Our knowledge of what the universe is made of is woefully incomplete. The planets, stars and galaxies in the observable universe constitue just 5 percent of it, while the remaining 95 percent is “dark” — made of dark matter and dark energy.

What is this dark universe made of? Are dark matter and dark energy composed of just one kind of particle, or is there a whole raft of exotic particles out there, just waiting to be discovered?

These are perhaps the biggest questions today’s particle physicists are faced with.

One hypothetical class of particles that physicists believe dark matter may be made of is the “sterile” neutrino.

Neutrinos — once described as “the most tiny quantity of reality ever imagined by a human being” — are perhaps the most exotic and least understood of all known subatomic particles. Produced by the decay of radioactive elements, these particles rarely, if ever, interact with matter, making them extremely hard to detect and study. Every second, trillions upon trillions of neutrinos traveling at nearly the speed of light pass through Earth.

Currently, neutrinos are known to have three different types, or “flavors” — the electron neutrino, the muon neutrino and the tau neutrino. Each of these flavors can change into the other, “oscillating” spontaneously as they travel over long distances. These particles, on the rare occasions they interact with surrounding matter, do so via weak nuclear force. On the other hand, scientists believe that sterile neutrinos — if they exist — only do so through gravity.

Unfortunately, the hunt for sterile neutrinos has not been very fruitful. In August, researchers at the IceCube Neutrino Observatory in Antarctica revealed that they had failed to detect the particles, but had placed “strong limits on its possible existence.”

And on Friday, researchers associated with the Daya Bay Neutrino Experiment in China and the Main Injector Neutrino Oscillation Search (MINOS) collaboration at the Fermi National Accelerator Laboratory in the U.S. also reported that their hunt for the elusive particles had come up empty, even as they narrowed down the “phase space” where sterile neutrinos may be hiding.

“In the Big Bang at the very beginning of the universe, some of the energy turned into particles that so far have proven to be completely invisible,” Milind Diwan, a physicist at the U.S. Department of Energy’s Brookhaven National Laboratory, said in a statement. “That there exists such matter that is dark—undetectable—is an established fact. What that is composed of is a big mystery. Every time we find a hint of a new neutral particle that could account for this missing energy—or a new search method—it offers us a window into the universe that we must explore.”

The experiments were designed to observed neutrino oscillations.
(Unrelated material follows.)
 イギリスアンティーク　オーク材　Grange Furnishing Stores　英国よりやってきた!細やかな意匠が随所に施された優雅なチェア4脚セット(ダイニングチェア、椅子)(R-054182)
Scientists hoped that doing so would provide them a glimpse of a two-step flavor change — muon neutrinos briefly transforming into sterile neutrinos, which would make their presence known by the lack of any detectable signal, before morphing into electron neutrinos.

While the MINOS experiment looked at the rate at which the muon neutrinos disappeared, the Daya Bay experiment used a beam of electron antineutrinos and measured the rate at which they vanished.

Their conclusions were similar — if sterile neutrinos exist, there is now a very small “parameter region” where they may still be “hiding.”

“We can’t say that these light sterile neutrinos don’t exist, but the space where we might find them oscillating into the neutrinos we know is getting narrower,” Alex Sousa from the University of Cincinnati, one of the scientists associated with MINOS, told Symmetry magazine.